En France, l’Afrique étudiée en classe de cinquième n’est pas toute l’Afrique, mais l’Afrique subsaharienne, ou l’Afrique noire – les deux expressions sont utilisées dans les instructions officielles. L’objectif de cette leçon, dont la nouveauté a pu heurter certains partisans d’une histoire plus nationale, est de rompre avec l’idée encore bien ancrée que cette Afrique sise au sud du Sahara aurait été en marge de l’histoire comme une île hors du monde. Le choix a donc été de mettre l’accent sur deux espaces majeurs : l’Afrique occidentale et l’Afrique orientale. Ces régions d’interface ont sans doute été privilégiées par la mondialisation musulmane, et ceci explique en partie que ces régions aient été les lieux de constructions politiques importantes comme l’empire du Ghâna, l’empire du Mâli 1, l’Empire songhaï, et l’empire du Monomotapa.

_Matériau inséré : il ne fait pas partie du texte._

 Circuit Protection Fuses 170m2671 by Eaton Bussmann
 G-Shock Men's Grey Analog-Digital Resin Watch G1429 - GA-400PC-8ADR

Cependant, on peut s’interroger sur l’emploi de la notion d’« empire ». Il résulte d’une habitude historiographique plus que d’une véritable analyse conceptuelle. L’existence d’États n’est pas en doute, mais la qualification d’« empire » pose question, d’autant que la connaissance historique de ces royaumes reste souvent incertaine. Au contraire, comme le souligne Thomas Vernet 2, parler d’« empires » contribuerait à une certaine mystification autour d’un âge d’or du « Moyen Âge africain » – autre notion à déconstruire –, par rapport à l’histoire plus récente de l’Afrique, qui serait moins glorieuse. Ni « siècles obscurs » ni « siècles d’or », cette période est délimitée par deux événements majeurs, à savoir l’expansion musulmane aux VIIe-VIIIe siècles et l’expansion européenne aux XVe-XVIe siècles, dont l’influence sur l’histoire africaine est incontestable, mais qui ne constituent pas des ruptures brutales dans une perspective plus afrocentrée.
1. Le nom du Ghâna
Ghâna, roi de l’Awkar. Ghâna, l’agglomération jumelle décrite par le géographe arabe al-Bakrî, la ville des musulmans d’un côté, identifiée dans le site archéologique de Kumbi, la ville du roi plus loin, introuvée. Comme l’écrit Jean-Louis Triaud (3 3), le Ghâna, « qui a l’avantage d’être située à la lisière des cultures nègres et arabo-berbères, apparaît comme la porte d’entrée de l’Afrique noire et de son histoire. Sa lisibilité et sa visibilité tiennent d’ailleurs à cette proximité relative de l’aire méditerranéenne, qui l’intègre dans un espace “civilisé” ». Ce n’est pas un hasard si on débute souvent l’histoire du Moyen Âge africain avec ce royaume ancien dont l’histoire se termine aux alentours du XIIIe siècle, et dont les origines se perdent au-delà du VIIIe siècle dans les limbes des légendes racontées par les griots.